I do not think we will gain enough information to actually map much
history, but these certainly are indicator minerals. At least we now
have an expectation that can be confirmed with bore holes.
We have a whole range of gem like materials that do tell geological
stories. It is through them that we zero in on diamond mines. Add
to that our understanding now of the genesis of mineralogy through
temperature gradients and one almost begins to think we have a
chance. Unfortunately most of it is still just rock.
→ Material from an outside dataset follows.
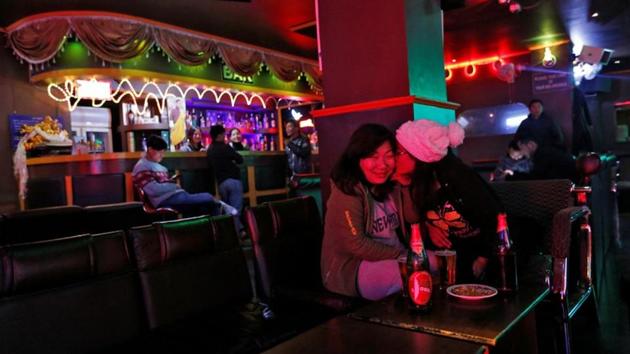 Women share a joke in a Karaoke bar in Thimphu. Bhutan continues to grow rapidly, bringing opportunities and a new future for its younger generation but treads a fine line between maintaining its past and a reaching out to development. (Cathal McNaughton / REUTERS) Women share a joke in a Karaoke bar in Thimphu. Bhutan continues to grow rapidly, bringing opportunities and a new future for its younger generation but treads a fine line between maintaining its past and a reaching out to development. (Cathal McNaughton / REUTERS)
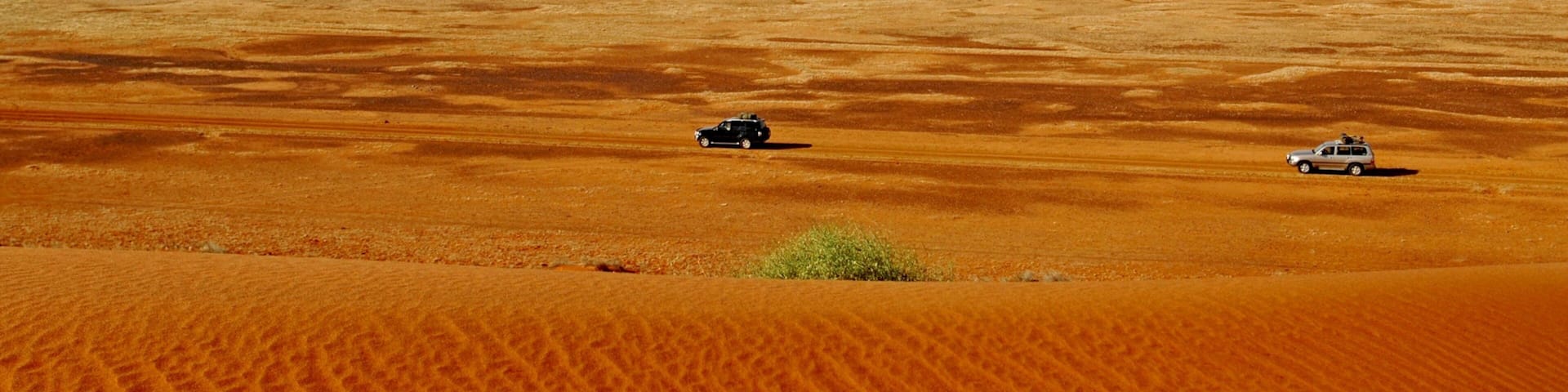 A vast desert landscape with two vehicles on the sand.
Otherwise it is a nice addition to our understanding.
In Glittering Gems,
Reading Earth’s Story
CARL ZIMMER
Published: June 13,
2013
A jewelry store is an
archive of the Earth. Every gem fixed to every ring or necklace was
forged deep inside our planet, according to its own recipe of
elements, temperature and pressure.
But it has taken a
while for geologists to decode the cookbook for gems. Jade, for
example, puzzled geologists for decades. “For a long time people
looked at this crazy rock, and it didn’t make any sense,” said
George Harlow, a geologist at the American Museum of Natural History.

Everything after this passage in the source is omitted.